The book is impressive, in that it brings a very human touch to a world that is too often either romanticized or mystified. The ‘living archive’ of life stories provides a brilliant and moving picture about the ways supposed traditions meet with supposed innovations, about the intimate relationships people can forge with animal and land, on how European techno-burocracies are brought to the ground and how policies are translated into practices, about the ways society evolves by reproducing old patterns in new styles. It also provides a brilliant insight into the Spanish pastoral society, which is quite vital and vocal, and which definitely contributes to reversing the typical "doom and gloom" narratives often associated with pastoralism (as also demonstrated through our PASTRES.org project). The pastoralists and shepherds depicted by Kathleen are not the "last ones", they are rather some amongst many, different and diverse, men and women, more or less young, coming from different backgrounds and pointing in different directions, but lit by the same stars that have been illuminating the Mediterranean across history.
Michele Nori
Research Fellow, European University Institute
Kathleen Ann Myers is Professor of Spanish and History at Indiana University-Bloomington.
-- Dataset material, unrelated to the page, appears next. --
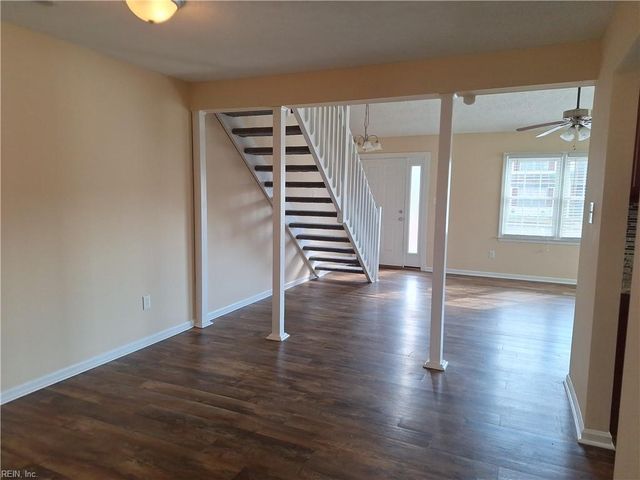 38 Parkway DR, Hampton, VA 23669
She received her doctorate in Hispanic Studies from Brown University. She has published widely on a variety of topics, including books about women writers in colonial Mexico (Liverpool 1993, Indiana University Press 1999, Oxford 2003) and the Spanish conquest and colonization of the Americas (Texas University Press 2007). Her recent studies include books on cultural geographies and coloniality in contemporary Mexico (University of Arizona Press 2015, University of Toronto 2024). This research has been generously funded by a variety of organizations, including Indiana University, the National Endowment for the Humanities, the Fulbright Scholar Program, the Spanish Ministry for Education and Culture, the Centro de Estudios de Ciencias Sociales (Mexico), the American Philosophical Association, the Huntington Library, and the Consejo Superior de Investigaciones Científicas of Spain (CSIC).